=== What the exercise asks ===
Within the data that follows, set down exactly the lines from the one containing "Indian Idol 5" through the one containing "Pretzel Butterfly Plant Friend", both ends included.

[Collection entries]
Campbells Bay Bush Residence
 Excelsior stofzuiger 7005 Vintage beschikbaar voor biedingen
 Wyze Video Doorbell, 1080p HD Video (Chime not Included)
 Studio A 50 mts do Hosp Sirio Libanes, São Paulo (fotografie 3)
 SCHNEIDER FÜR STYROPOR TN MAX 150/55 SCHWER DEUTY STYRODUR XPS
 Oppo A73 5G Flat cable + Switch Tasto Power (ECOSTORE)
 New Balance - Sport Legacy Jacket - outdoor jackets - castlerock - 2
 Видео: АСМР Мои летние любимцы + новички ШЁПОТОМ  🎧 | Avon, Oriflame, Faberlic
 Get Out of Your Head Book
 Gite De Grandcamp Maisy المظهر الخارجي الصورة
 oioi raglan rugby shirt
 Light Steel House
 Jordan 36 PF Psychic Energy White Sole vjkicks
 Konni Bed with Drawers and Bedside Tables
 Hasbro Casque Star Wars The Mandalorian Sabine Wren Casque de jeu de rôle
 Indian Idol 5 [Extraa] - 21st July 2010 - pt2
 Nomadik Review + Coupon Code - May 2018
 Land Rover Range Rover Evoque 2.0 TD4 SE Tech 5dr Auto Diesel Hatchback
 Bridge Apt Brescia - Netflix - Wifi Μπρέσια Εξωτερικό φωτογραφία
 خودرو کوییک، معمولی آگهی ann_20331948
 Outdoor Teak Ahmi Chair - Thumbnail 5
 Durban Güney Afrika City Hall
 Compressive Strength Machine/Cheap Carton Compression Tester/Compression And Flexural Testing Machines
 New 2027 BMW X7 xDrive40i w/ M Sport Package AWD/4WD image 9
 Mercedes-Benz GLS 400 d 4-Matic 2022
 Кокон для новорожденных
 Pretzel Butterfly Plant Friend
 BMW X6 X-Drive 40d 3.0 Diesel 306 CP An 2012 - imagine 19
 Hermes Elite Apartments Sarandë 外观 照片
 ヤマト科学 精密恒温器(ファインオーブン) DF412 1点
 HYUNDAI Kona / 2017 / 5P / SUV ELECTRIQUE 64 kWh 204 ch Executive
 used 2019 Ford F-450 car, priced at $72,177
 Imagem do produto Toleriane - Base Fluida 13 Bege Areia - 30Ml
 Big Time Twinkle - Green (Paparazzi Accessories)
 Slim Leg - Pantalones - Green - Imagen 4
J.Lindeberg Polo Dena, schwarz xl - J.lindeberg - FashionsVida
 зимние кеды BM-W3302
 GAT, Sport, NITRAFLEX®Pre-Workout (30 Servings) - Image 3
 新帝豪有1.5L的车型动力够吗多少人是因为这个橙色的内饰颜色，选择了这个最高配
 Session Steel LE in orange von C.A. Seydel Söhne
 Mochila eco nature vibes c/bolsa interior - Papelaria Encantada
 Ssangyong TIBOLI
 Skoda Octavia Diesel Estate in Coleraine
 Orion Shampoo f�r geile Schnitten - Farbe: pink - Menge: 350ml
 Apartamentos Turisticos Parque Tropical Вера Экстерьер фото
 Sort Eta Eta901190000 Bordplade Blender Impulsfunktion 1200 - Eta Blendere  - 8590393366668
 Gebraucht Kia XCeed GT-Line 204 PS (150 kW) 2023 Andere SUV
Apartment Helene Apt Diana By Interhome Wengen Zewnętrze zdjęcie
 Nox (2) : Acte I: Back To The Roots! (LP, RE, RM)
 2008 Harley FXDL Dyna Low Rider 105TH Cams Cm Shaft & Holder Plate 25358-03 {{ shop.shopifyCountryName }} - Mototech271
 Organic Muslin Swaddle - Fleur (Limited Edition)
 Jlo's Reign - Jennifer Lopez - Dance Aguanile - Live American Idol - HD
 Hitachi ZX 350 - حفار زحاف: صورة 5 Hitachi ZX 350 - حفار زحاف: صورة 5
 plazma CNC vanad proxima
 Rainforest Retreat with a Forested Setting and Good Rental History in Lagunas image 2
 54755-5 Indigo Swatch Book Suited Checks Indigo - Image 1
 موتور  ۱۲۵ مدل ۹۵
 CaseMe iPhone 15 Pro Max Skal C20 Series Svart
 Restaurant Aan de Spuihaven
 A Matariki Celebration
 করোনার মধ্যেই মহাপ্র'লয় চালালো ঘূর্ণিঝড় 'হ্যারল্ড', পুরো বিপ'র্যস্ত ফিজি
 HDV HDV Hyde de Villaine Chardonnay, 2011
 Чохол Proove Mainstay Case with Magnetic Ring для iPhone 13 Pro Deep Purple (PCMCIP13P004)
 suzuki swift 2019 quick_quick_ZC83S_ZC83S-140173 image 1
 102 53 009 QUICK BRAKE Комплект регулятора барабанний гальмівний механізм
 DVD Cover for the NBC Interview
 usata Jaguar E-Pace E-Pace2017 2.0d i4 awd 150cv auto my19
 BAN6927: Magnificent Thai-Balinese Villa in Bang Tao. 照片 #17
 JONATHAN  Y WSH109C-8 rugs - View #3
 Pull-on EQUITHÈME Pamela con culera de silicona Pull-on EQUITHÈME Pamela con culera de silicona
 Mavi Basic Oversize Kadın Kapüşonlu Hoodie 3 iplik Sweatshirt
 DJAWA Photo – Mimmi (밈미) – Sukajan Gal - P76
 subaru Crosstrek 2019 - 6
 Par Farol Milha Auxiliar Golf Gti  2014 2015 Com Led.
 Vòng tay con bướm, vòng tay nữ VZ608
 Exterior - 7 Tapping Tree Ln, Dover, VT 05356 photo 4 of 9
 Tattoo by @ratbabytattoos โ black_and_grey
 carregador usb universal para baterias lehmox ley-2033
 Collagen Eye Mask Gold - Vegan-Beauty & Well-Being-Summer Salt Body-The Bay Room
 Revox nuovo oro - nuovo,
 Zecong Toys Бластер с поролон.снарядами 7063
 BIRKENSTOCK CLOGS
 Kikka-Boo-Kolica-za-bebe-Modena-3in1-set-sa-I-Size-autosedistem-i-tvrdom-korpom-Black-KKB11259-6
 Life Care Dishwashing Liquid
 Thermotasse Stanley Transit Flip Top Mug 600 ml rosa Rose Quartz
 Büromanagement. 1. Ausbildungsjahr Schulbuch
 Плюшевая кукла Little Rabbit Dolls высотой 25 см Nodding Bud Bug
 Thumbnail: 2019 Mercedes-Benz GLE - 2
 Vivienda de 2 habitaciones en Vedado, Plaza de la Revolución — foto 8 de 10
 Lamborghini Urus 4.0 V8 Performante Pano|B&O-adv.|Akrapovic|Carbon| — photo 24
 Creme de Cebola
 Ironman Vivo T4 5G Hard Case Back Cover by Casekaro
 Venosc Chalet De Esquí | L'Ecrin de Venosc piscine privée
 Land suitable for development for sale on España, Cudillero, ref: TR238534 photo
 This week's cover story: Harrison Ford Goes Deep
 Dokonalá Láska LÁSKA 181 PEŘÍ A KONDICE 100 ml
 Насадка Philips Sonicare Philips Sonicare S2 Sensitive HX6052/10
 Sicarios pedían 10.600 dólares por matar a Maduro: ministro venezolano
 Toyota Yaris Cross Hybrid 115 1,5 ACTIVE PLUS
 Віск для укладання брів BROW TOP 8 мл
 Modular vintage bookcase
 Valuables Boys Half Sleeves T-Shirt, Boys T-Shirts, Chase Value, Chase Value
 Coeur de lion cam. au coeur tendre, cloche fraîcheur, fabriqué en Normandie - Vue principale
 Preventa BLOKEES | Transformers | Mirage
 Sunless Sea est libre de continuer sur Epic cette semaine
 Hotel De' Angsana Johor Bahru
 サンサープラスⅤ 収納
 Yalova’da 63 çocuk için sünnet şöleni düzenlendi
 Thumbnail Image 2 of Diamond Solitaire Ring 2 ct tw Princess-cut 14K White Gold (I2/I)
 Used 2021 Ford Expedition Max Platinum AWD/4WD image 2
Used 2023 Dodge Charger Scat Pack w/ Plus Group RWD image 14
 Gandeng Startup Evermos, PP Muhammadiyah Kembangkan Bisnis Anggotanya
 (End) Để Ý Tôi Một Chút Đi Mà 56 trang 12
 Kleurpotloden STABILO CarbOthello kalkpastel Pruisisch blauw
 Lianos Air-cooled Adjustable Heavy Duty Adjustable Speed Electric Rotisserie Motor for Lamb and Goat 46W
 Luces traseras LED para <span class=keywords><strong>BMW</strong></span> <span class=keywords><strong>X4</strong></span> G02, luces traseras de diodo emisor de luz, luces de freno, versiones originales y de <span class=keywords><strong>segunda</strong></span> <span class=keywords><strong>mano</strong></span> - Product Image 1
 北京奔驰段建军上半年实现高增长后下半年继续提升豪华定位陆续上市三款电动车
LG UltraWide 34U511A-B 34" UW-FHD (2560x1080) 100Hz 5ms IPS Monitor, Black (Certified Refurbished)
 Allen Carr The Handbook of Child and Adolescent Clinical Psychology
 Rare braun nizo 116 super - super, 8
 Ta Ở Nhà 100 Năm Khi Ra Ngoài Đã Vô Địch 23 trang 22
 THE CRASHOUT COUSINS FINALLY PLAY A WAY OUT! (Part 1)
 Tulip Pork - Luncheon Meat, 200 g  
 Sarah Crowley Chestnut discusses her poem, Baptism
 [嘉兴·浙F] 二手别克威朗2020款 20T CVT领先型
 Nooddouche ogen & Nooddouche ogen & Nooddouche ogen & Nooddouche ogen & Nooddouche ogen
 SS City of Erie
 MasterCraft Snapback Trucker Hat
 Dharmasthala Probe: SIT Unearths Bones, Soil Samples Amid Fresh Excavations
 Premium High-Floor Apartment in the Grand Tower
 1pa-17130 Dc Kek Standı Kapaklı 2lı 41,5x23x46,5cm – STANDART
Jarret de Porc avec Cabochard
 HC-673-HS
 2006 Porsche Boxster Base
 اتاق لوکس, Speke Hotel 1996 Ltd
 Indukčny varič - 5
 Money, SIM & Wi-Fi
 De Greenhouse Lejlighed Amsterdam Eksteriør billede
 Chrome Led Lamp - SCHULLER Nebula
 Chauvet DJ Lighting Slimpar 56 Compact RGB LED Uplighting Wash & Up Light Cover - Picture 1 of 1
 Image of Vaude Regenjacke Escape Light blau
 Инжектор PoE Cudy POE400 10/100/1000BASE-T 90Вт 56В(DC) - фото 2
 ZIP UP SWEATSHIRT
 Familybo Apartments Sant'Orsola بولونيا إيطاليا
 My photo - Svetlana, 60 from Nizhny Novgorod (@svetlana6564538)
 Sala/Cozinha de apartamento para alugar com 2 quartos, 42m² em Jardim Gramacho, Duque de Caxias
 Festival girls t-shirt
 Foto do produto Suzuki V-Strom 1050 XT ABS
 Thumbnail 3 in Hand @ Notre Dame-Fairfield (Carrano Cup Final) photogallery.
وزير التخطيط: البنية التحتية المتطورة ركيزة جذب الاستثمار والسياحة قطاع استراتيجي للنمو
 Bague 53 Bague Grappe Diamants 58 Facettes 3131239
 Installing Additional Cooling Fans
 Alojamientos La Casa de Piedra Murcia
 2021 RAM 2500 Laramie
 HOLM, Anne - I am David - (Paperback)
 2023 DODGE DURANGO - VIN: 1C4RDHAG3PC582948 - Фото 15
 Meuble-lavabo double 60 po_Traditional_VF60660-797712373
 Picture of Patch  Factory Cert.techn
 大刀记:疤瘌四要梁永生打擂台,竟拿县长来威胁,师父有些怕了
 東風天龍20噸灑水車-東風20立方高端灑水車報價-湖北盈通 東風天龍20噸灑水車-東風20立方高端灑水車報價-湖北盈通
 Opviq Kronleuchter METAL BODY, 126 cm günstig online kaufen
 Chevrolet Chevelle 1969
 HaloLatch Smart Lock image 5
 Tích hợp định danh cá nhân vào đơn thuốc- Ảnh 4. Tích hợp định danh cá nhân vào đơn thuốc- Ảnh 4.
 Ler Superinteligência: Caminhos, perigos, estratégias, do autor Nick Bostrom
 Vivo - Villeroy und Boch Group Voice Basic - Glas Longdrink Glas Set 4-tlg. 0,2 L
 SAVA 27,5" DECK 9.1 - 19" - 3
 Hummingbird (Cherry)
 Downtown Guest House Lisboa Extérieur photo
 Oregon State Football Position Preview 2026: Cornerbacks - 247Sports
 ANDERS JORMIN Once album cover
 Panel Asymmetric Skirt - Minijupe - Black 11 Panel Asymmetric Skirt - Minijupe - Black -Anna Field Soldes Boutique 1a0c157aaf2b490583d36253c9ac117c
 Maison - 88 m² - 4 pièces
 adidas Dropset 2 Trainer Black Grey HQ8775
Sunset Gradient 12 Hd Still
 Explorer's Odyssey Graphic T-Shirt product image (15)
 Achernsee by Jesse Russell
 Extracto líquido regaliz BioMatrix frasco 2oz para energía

=== Exercise answer ===
 Indian Idol 5 [Extraa] - 21st July 2010 - pt2
 Nomadik Review + Coupon Code - May 2018
 Land Rover Range Rover Evoque 2.0 TD4 SE Tech 5dr Auto Diesel Hatchback
 Bridge Apt Brescia - Netflix - Wifi Μπρέσια Εξωτερικό φωτογραφία
 خودرو کوییک، معمولی آگهی ann_20331948
 Outdoor Teak Ahmi Chair - Thumbnail 5
 Durban Güney Afrika City Hall
 Compressive Strength Machine/Cheap Carton Compression Tester/Compression And Flexural Testing Machines
 New 2027 BMW X7 xDrive40i w/ M Sport Package AWD/4WD image 9
 Mercedes-Benz GLS 400 d 4-Matic 2022
 Кокон для новорожденных
 Pretzel Butterfly Plant Friend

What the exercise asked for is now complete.